Поезд встал, снова появились пограничники, теперь лишь мельком взглянувшие на мой паспорт. Опять отправившись курить, я заметил, что в купе моих китайцев сидят целых три пограничника и китаянка с ними очень страстно беседует, судя по всему – на чешском, на котором говорит бегло; мальчик же молчал и языка, кажется, не понимал вовсе. Беседа явно была тревожной, и через некоторое время мимо меня прошли все вместе, и словаки, и китайцы, куда-то направляясь. Поезд все еще не двигался, в пустом вагоне я был один – проводник после Чопа вообще ни разу не показался – стоял в коридоре и смотрел в окно. Станция была какая-то совсем мизерабельная, из моего окна был виден самый угол вокзала и бетонные мелкие постройки, склады-сортиры, вырванные из тьмы скудным светом вокзального фонаря. Круг синюшного света лампочки вносил в эту убогость что-то сюрреальное, настороженное, кафкианская декорация, да и только, поэтому маленькая фигурка китайчонка, вдруг в кругу света возникшая, меня совсем не удивила. Мне очень хорошо было видно, как, пробежав сквозь свет, китайчонок метнулся за бетонный сарайчик и застыл, пытаясь спрятаться. Вся эта сцена, возникшая в обрамлении окна поезда, была отыграна с блеском фильма “Третий человек”, так что у меня дух захватило, и страшно захотелось как-то помочь бедняге и даже за него пострадать, вступить в конфликт с властью: спрятать его в своем чемодане, а если я его спрятать не могу, то пусть, по крайней мере, пограничник войдет, спросит меня, не видел ли я китайца, и я, конечно, укажу ему в противоположную сторону… Поезд в этот момент тронулся, и китайчонок со своей трагедией остался позади, пропал, и никто не вошел, ни о чем меня не спросил, я никому ничем не пригодился, и никак, никоим образом больше со мной красавица в красном пальто не будет связана.

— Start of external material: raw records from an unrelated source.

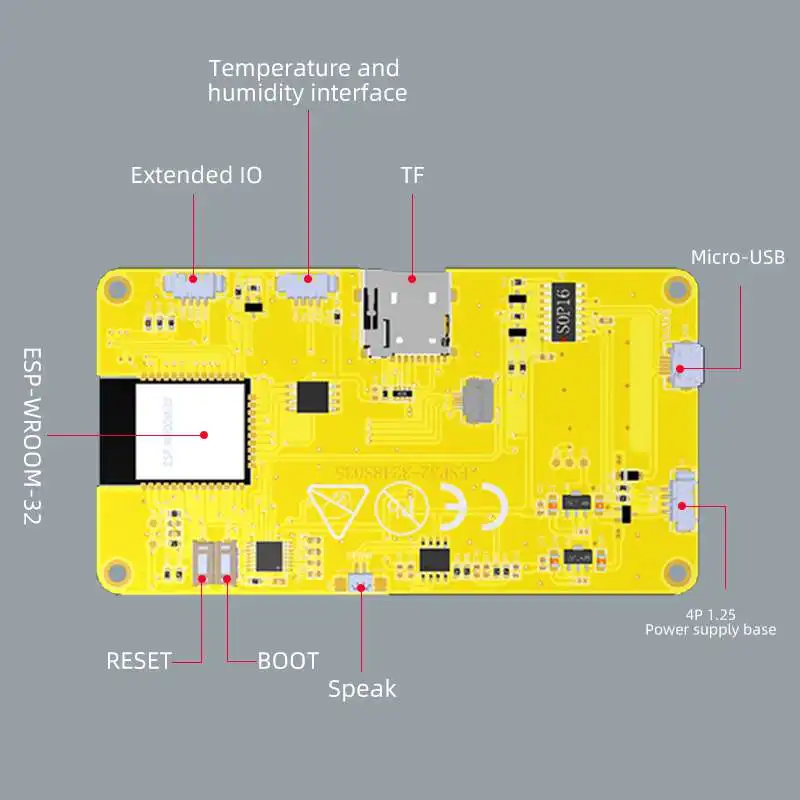 ESP32-3248S035 3.5 Inch Smart  - Home Automation Arduino 评论和价格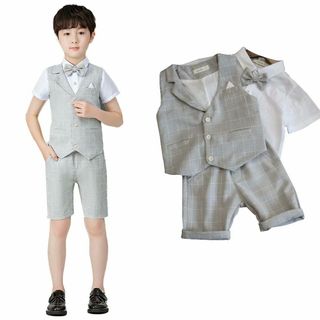 【色: グレー】[living&giving] 子供 キッズ フォーマル 男の子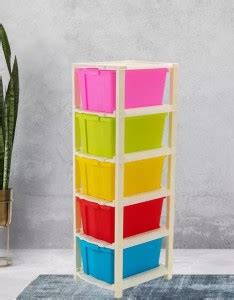 ELIGHTWAY MART 5 Compartments Drawer Type Storage Box Price in India ...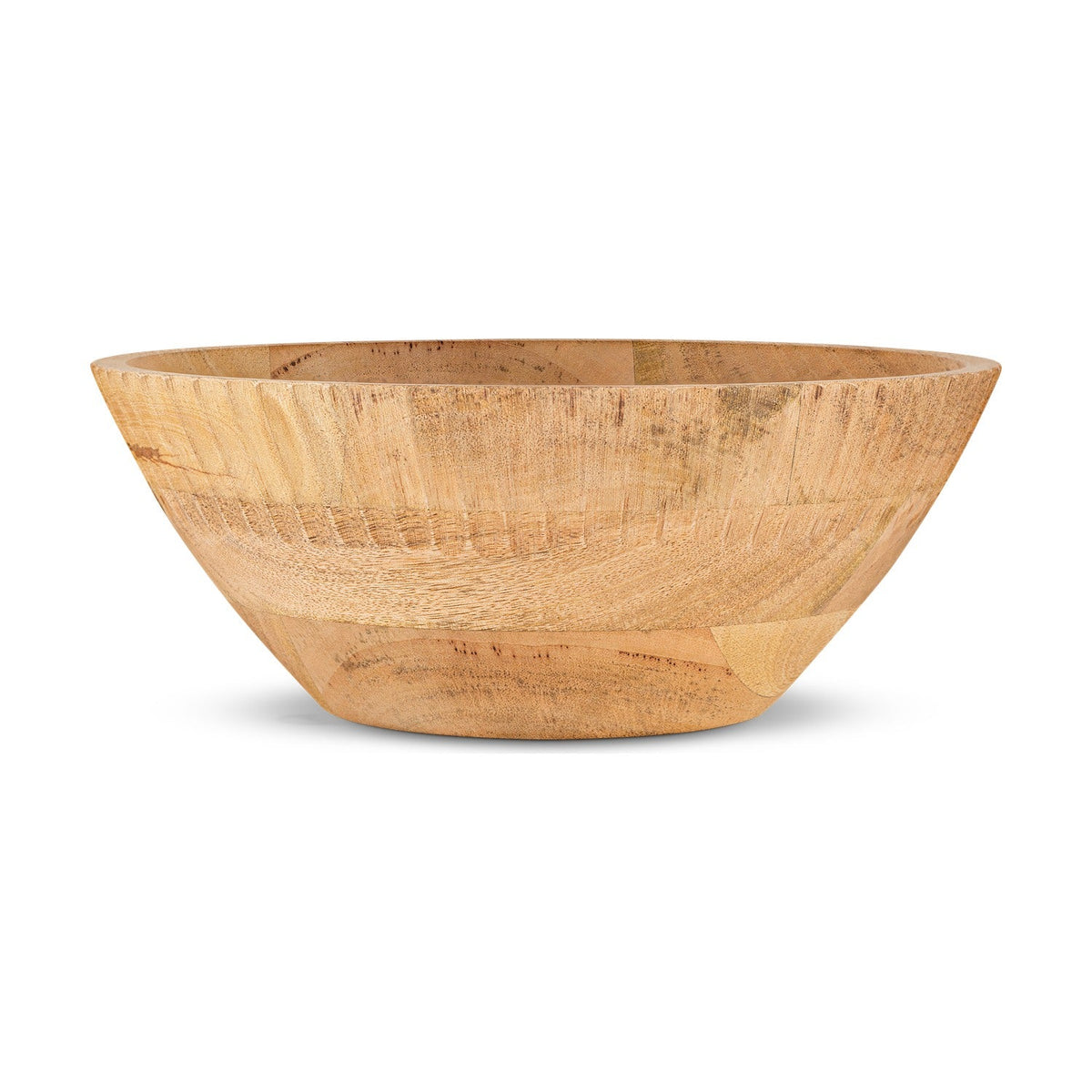 Gavivi Large Mango Wood Serving Bowl - Natural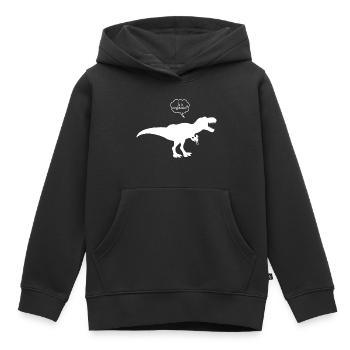 Dinosaure Dino Dinosaur - Sweat Premium à capuche enfant bio - noir - Devant - AI Model Kid Male (0cm)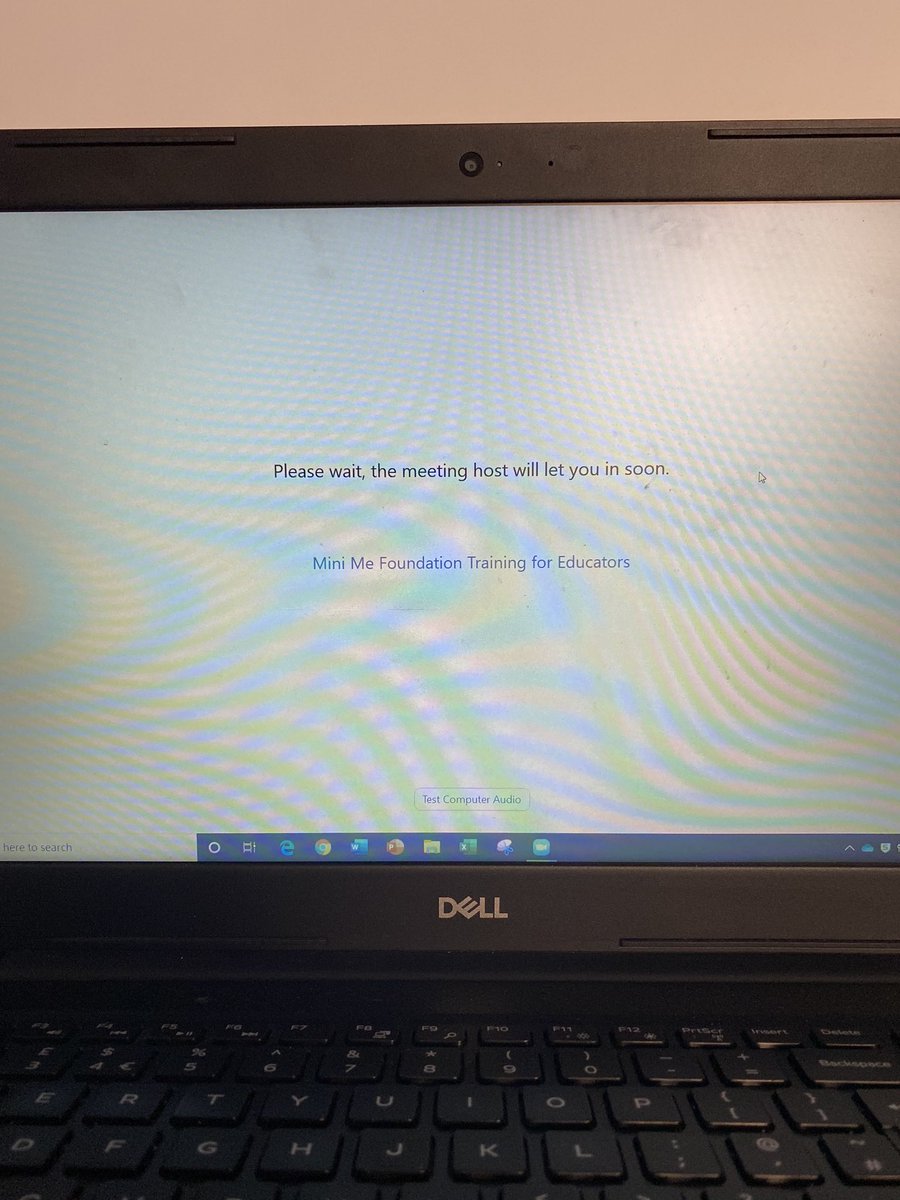 My view every morning this week with @minimeyoga doing my foundation training. So excited about how transferable this is to the classroom. I really feel this could support children after this global pandemic once back in the classroom.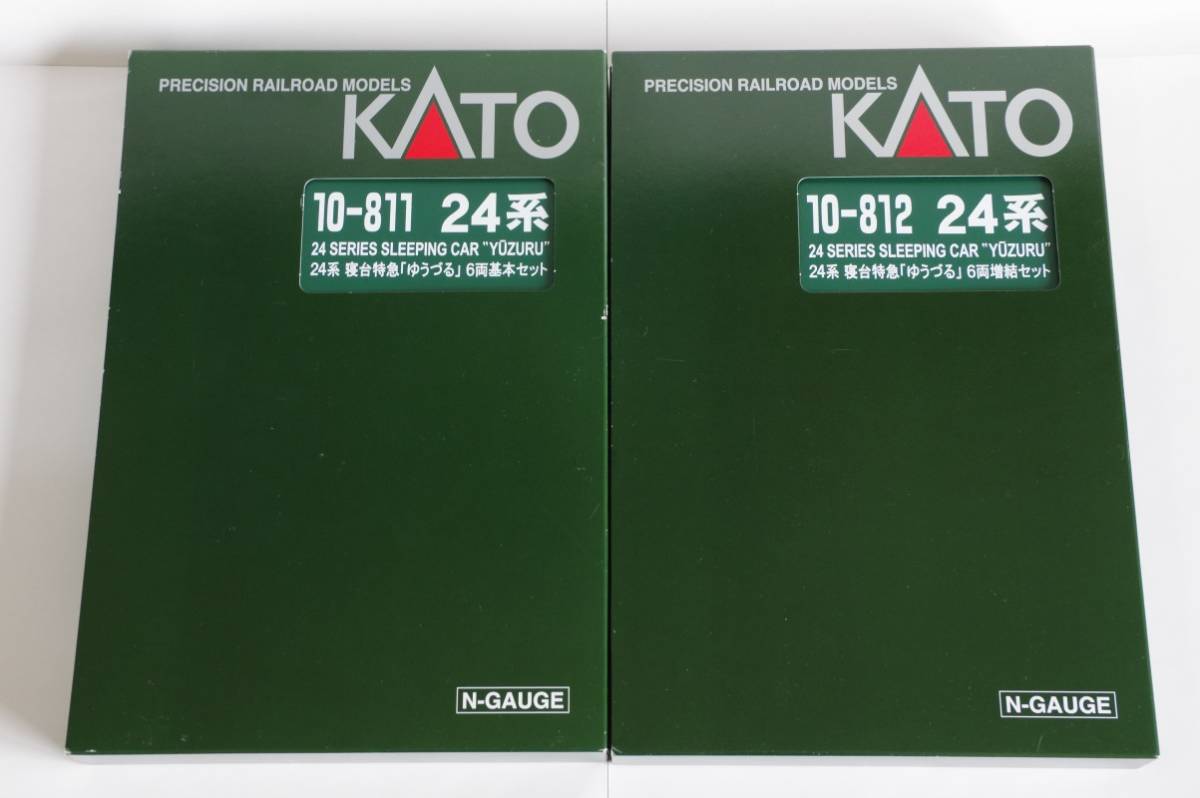 KATO 10-811，10-812 24系寝台特急「ゆうづる」 基本セット・増結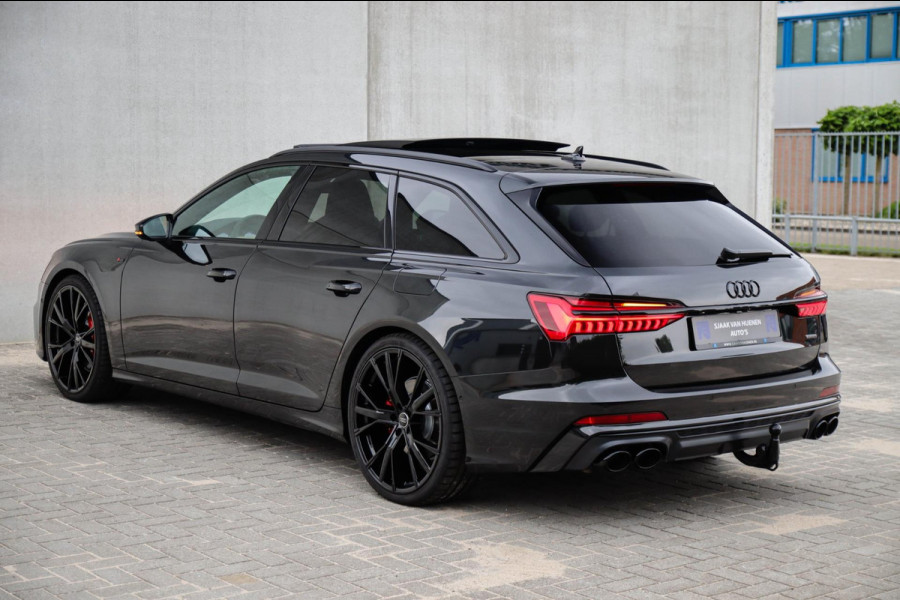 Audi A6 Avant 55 TFSI e Quattro Competition S line Edition 367pk Automaat|Kuipstoelen|Panoramadak|Virtual Cockpit|LED Matrix|Black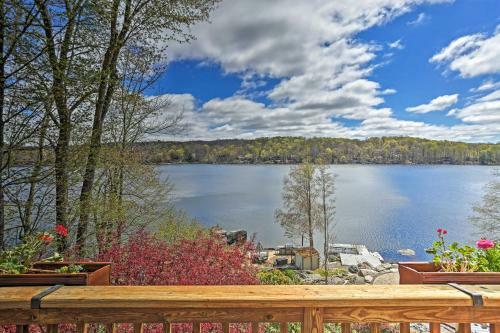 Grand Lakefront Home With Dock In The Hideout!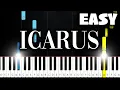 Download Lagu Tony Ann – ICARUS - EASY Piano Tutorial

Утром я был в Праге. Прага меня встретила одним из своих аттракционов, весьма подходящим под определение “тонкой ненависти”: памятником освобождения Праги русскими войсками. Скульптурная группа состоит из солдата русского, восторженного, с автоматом и в развевающейся шинели, и солдата чешского, который, чуть задрав одну ногу в балетном порыве и тоже с автоматом за спиной и в развевающейся шинели, готов прильнуть устами к щеке (или устам) своего освободителя. Русский стоит дурак дураком, что делать – не знает, не привык у себя на родине к такому обращению. Чех явно русского провоцирует, одной рукой обнимая освободителя за плечи, а другой, отведенной за спину, сжимая пук чугунных цветов, – типичная сцена соблазнения. Очень сильная вещь, пражане вроде бы сносить памятник не собираются, и правильно делают; не могу поверить, что чех, эту статую создавший, был столь наивен, что ничего в виду не имел, как-то уж эта группа слишком отчетливо связана с рассказом Кундеры о сексуальной агрессивности мини-юбок.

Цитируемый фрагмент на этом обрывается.